- _Task requirements_
Under this line is some data; print exactly the lines from the one containing "Jati Dental Care" through its last line, without pictures.

- _Records to process_
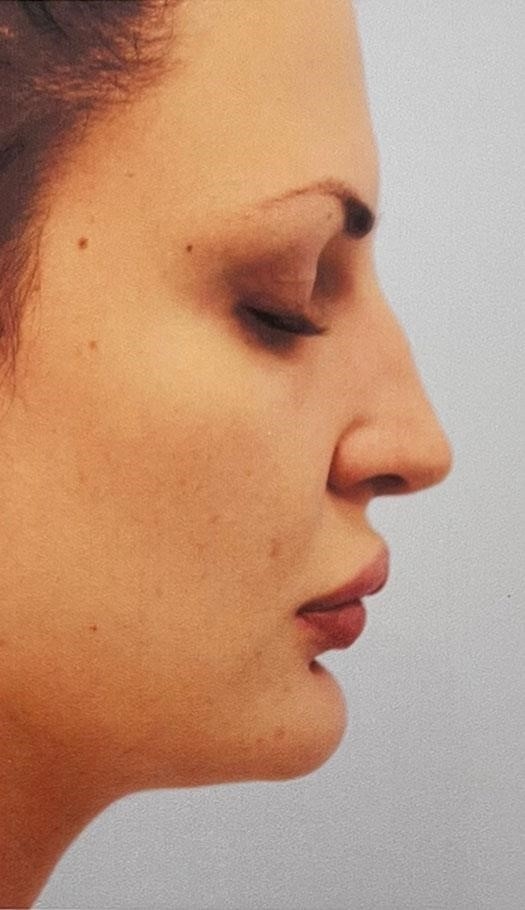 best rhinoplasty surgeons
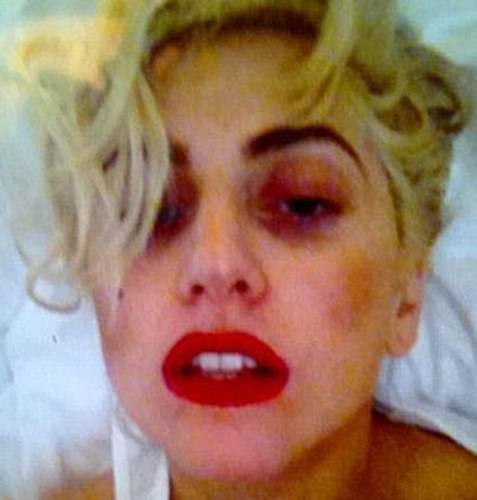 Depois de pancada na cabeça, Lady Gaga publica foto com olho inchado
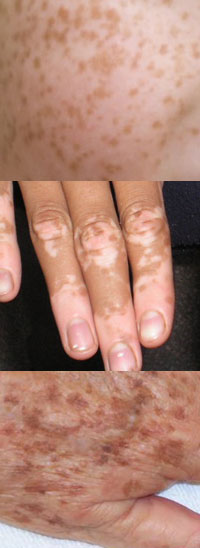 Skin pigmentation Skin pigmentation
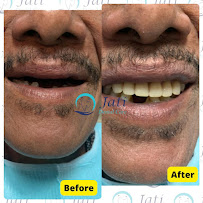 Jati Dental Care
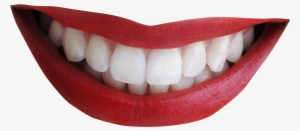 Smiling Lips Png - Cara Alami Buat Gigi Tidak Maju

- _Response to this exercise_
 Jati Dental Care
 Smiling Lips Png - Cara Alami Buat Gigi Tidak Maju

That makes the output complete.